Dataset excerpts
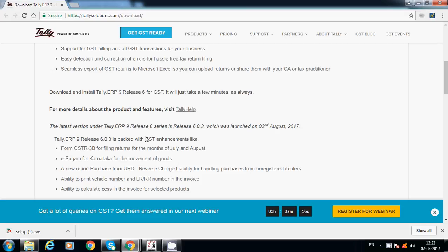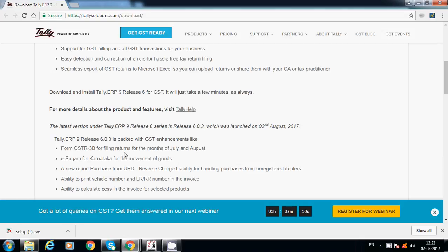Hello friends, today I am going to explain how to install the latest version of Tally ERP 9 Release 6 series. It was launched on 2nd August 2017 for GSTR 3B for filing of returns for the month of July and August.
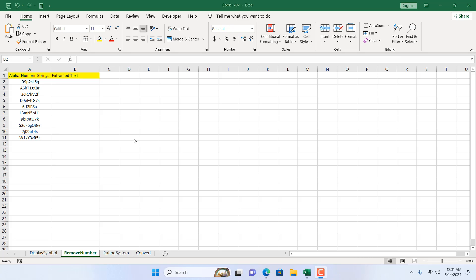How to remove numbers from an alphanumeric text string. Hello everyone, welcome to Excel 10 Tutorial. In this advanced Excel tutorial, I'm going to show you an excellent way using a nested SUBSTITUTE function to convert an alphanumeric string, remove all the numbers from it, and extract all the text. Let's get started.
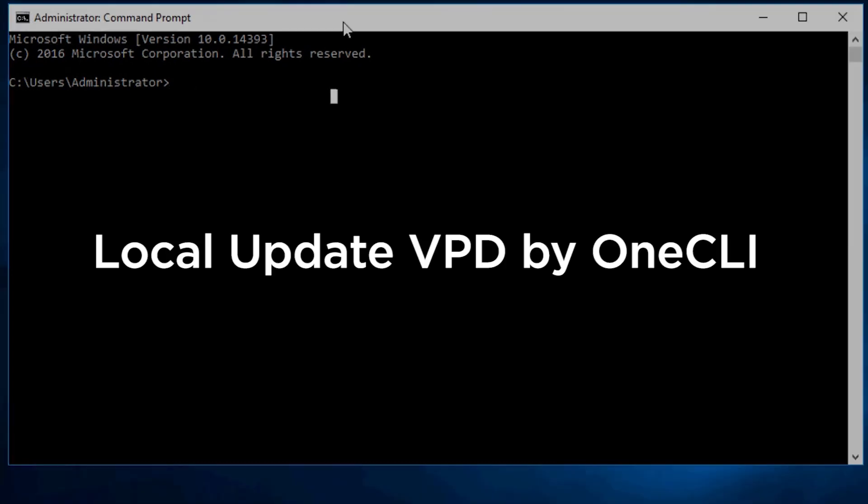1CLI can be used to issue commands locally or remotely. Here are some examples of local updates.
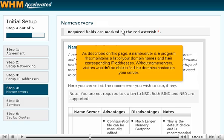As described on this page, a name server is a program that maintains a list of your domain names and their corresponding IP addresses. Without name servers, visitors wouldn't be able to find the domains hosted on your server.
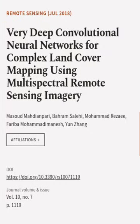This article was authored by Masoud Mahdianpari, Bahram Salehi, Mohammad Rezaee, and others.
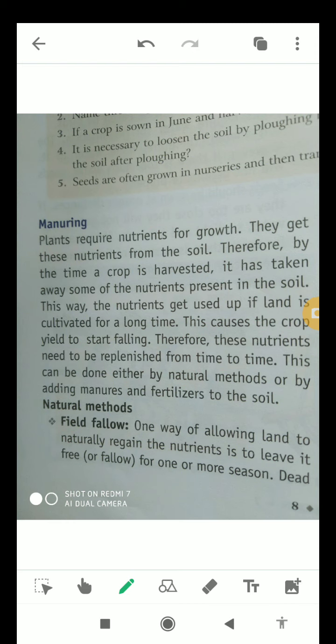As we all know, plants require nutrients for their proper growth, and they get these nutrients from the soil. Therefore, as soon as a crop is harvested, it has taken away some of the nutrients from the soil — so those nutrients diminish or decrease in the soil.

[Task instructions]
From the entries above, output every line exactly and omit any image.

[Output below]
Hello friends, today I am going to explain how to install the latest version of Tally ERP 9 Release 6 series. It was launched on 2nd August 2017 for GSTR 3B for filing of returns for the month of July and August.
How to remove numbers from an alphanumeric text string. Hello everyone, welcome to Excel 10 Tutorial. In this advanced Excel tutorial, I'm going to show you an excellent way using a nested SUBSTITUTE function to convert an alphanumeric string, remove all the numbers from it, and extract all the text. Let's get started.
1CLI can be used to issue commands locally or remotely. Here are some examples of local updates.
As described on this page, a name server is a program that maintains a list of your domain names and their corresponding IP addresses. Without name servers, visitors wouldn't be able to find the domains hosted on your server.
This article was authored by Masoud Mahdianpari, Bahram Salehi, Mohammad Rezaee, and others.
As we all know, plants require nutrients for their proper growth, and they get these nutrients from the soil. Therefore, as soon as a crop is harvested, it has taken away some of the nutrients from the soil — so those nutrients diminish or decrease in the soil.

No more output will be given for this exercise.